**Assignment:**
Write out exactly the lines of the entries below from the one holding "Screenshot of roselandfurniture.com" to the one holding "NEW WEMBLEY Winter", inclusive, and leave out all other lines.
- - - -
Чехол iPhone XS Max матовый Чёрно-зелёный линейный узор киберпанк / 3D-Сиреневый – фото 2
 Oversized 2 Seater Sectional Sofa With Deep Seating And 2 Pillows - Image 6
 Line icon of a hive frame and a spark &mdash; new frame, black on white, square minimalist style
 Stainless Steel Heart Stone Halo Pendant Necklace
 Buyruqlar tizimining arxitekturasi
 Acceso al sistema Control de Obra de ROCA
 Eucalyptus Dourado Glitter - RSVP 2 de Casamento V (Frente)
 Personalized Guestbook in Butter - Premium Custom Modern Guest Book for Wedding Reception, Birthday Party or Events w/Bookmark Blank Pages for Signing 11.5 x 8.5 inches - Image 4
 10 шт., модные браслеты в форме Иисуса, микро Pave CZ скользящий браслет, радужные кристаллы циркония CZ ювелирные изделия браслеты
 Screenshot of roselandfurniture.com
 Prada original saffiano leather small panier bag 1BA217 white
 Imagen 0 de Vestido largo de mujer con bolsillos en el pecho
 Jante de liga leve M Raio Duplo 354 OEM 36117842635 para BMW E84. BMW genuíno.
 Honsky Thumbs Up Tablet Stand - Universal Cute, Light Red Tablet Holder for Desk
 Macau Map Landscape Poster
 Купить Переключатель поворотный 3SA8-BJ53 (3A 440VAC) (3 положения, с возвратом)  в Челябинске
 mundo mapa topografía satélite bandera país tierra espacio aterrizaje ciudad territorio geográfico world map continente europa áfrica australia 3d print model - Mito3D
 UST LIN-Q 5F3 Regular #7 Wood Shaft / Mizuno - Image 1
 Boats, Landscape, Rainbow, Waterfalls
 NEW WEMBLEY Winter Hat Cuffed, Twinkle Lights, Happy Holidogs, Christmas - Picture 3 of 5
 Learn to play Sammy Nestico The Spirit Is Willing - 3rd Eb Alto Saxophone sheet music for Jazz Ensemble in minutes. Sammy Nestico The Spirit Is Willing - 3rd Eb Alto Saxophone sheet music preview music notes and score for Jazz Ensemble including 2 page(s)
- - - -
**Exercise solution:**
 Screenshot of roselandfurniture.com
 Prada original saffiano leather small panier bag 1BA217 white
 Imagen 0 de Vestido largo de mujer con bolsillos en el pecho
 Jante de liga leve M Raio Duplo 354 OEM 36117842635 para BMW E84. BMW genuíno.
 Honsky Thumbs Up Tablet Stand - Universal Cute, Light Red Tablet Holder for Desk
 Macau Map Landscape Poster
 Купить Переключатель поворотный 3SA8-BJ53 (3A 440VAC) (3 положения, с возвратом)  в Челябинске
 mundo mapa topografía satélite bandera país tierra espacio aterrizaje ciudad territorio geográfico world map continente europa áfrica australia 3d print model - Mito3D
 UST LIN-Q 5F3 Regular #7 Wood Shaft / Mizuno - Image 1
 Boats, Landscape, Rainbow, Waterfalls
 NEW WEMBLEY Winter Hat Cuffed, Twinkle Lights, Happy Holidogs, Christmas - Picture 3 of 5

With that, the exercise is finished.